> **Work required**: Locate every line in the records below that holds the word "Blue" and return each one.
(Records for processing Opens)
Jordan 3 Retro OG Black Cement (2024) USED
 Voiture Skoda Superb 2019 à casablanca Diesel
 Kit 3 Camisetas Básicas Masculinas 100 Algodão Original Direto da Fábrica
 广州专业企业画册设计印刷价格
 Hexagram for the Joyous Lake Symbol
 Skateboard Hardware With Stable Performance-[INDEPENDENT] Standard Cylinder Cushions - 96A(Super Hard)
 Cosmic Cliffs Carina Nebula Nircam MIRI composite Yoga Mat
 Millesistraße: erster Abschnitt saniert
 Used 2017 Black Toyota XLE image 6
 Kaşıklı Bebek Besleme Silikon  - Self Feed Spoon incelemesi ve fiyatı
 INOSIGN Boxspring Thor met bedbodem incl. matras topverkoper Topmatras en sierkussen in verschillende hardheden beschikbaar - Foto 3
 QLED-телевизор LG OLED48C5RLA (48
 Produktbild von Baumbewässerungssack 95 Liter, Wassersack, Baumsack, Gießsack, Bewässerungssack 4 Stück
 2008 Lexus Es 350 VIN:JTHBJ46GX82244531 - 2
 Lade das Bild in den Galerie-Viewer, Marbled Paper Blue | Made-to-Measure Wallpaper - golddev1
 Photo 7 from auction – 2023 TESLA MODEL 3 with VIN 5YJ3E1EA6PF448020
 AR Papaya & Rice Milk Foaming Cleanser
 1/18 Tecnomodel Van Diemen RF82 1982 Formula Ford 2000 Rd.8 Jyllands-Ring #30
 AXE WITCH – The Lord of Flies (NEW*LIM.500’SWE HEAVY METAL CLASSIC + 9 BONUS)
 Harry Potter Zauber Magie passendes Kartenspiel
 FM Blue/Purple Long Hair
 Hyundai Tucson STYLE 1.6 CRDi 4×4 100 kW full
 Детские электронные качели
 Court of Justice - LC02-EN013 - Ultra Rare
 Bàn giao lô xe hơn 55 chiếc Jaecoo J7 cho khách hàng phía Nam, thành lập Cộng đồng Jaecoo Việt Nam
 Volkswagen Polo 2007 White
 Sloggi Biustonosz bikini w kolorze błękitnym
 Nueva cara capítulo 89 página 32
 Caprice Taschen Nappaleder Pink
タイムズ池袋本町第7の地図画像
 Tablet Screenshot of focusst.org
(Records for processing Closes)
> **Answer to this task**:
 Lade das Bild in den Galerie-Viewer, Marbled Paper Blue | Made-to-Measure Wallpaper - golddev1
 FM Blue/Purple Long Hair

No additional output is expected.